Effect of palivizumab prophylaxis on subsequent recurrent wheezing in preterm infants

Collaborators, Affiliations
Clinical Trial

Effect of palivizumab prophylaxis on subsequent recurrent wheezing in preterm infants

Shigemi Yoshihara et al. Pediatrics. 2013 Nov.

Abstract

Background and objectives: Palivizumab effectively prevents severe respiratory syncytial virus (RSV) disease in preterm infants.
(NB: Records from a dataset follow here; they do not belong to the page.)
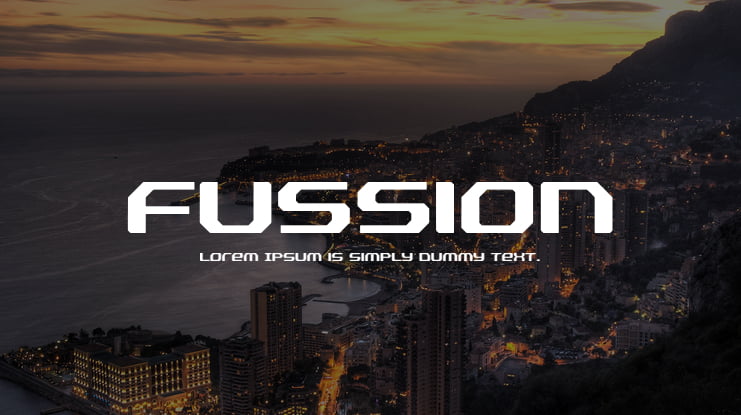 Fussion Font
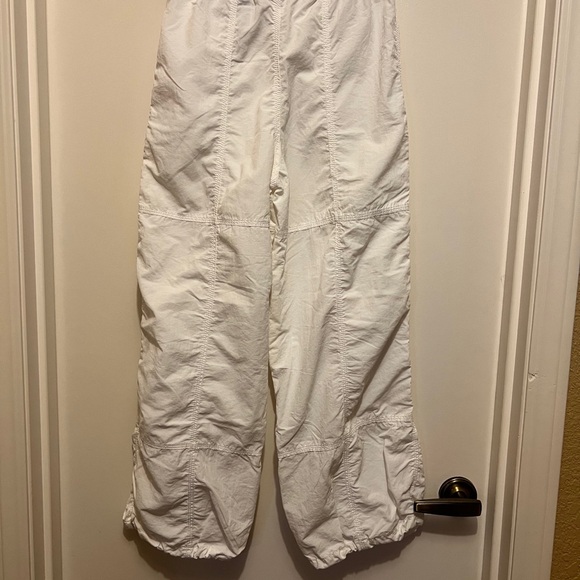 White Cargo Pants - Picture 3 of 4
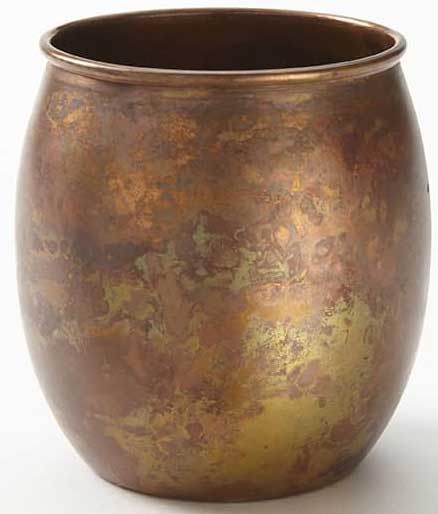 American Metalcraft Copper Satin Finish Antique Moscow Mule Tumbler, 14 Ounce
Our objective was to test whether palivizumab prophylaxis given to preterm infants during the first RSV season reduces the incidence of subsequent recurrent wheezing up to 3 years of life.
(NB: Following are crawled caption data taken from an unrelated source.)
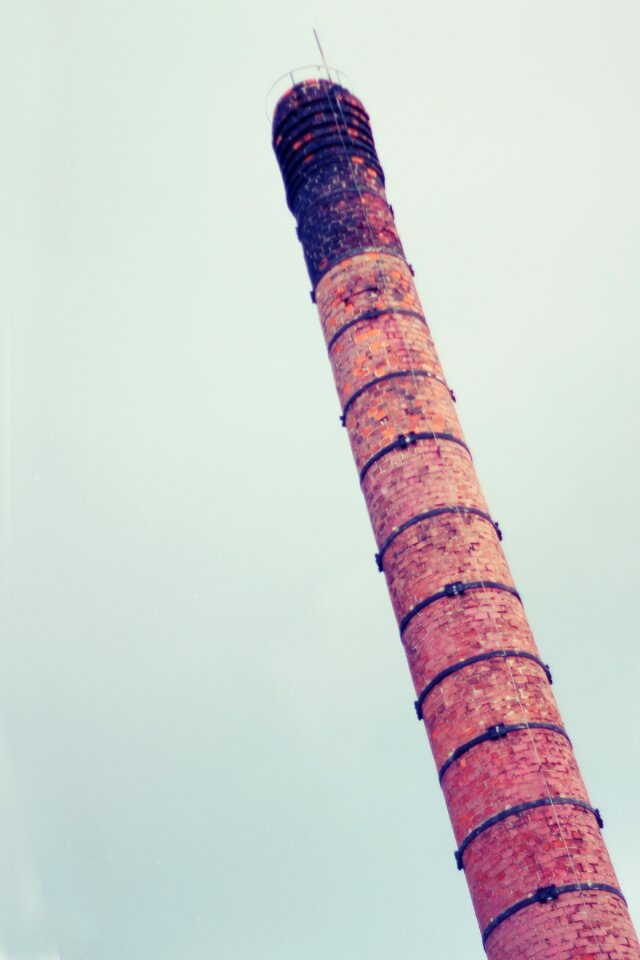Factory bricks sky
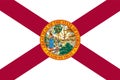 Florida state vector flag.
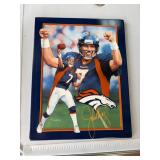 Limited Edition John Elway Collectible Plate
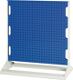 Stellwand H1125xB1000xT550mm mit 6 Lochplatten enzianblau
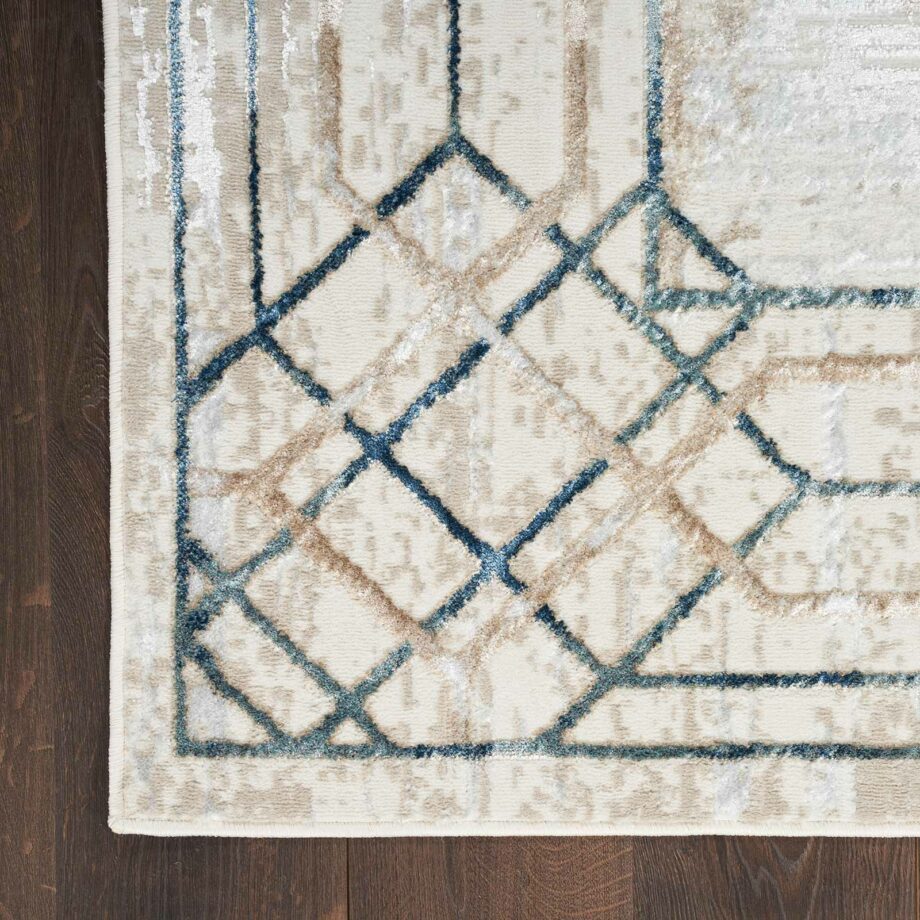 Nourison rug Glitz GLZ03 IVTAU IVORY TAUPE 5X7 099446134219 CR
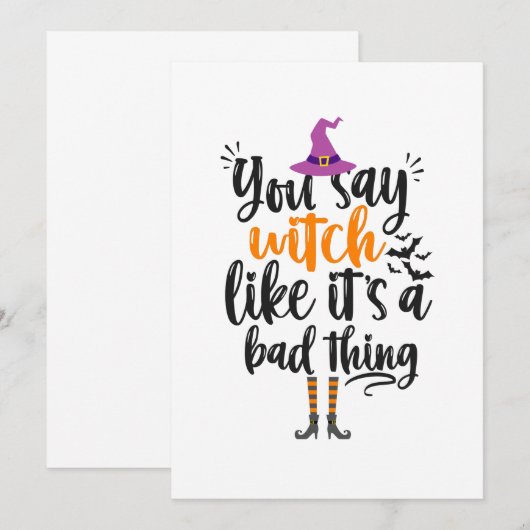 Je zegt heks alsof het een slecht ding is... bedankkaart (Voorkant / Achterkant)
Methods: We conducted an observational prospective multicenter (52 registered hospitals in Japan) case-control study in preterm infants with a gestational age between 33 and 35 weeks followed for 3 years. During the 2007-2008 RSV season, the decision to administer palivizumab was made based on standard medical practice. In April 2008, 52 hospitals were recruited. Study participants were prospectively followed to the age of 3 years. Parents of study subjects reported the infants' physician's assessment of recurrent wheezing, used a report card and a novel mobile phone-based reporting system by using the Internet. The primary end point was the incidence of physician-diagnosed recurrent wheezing.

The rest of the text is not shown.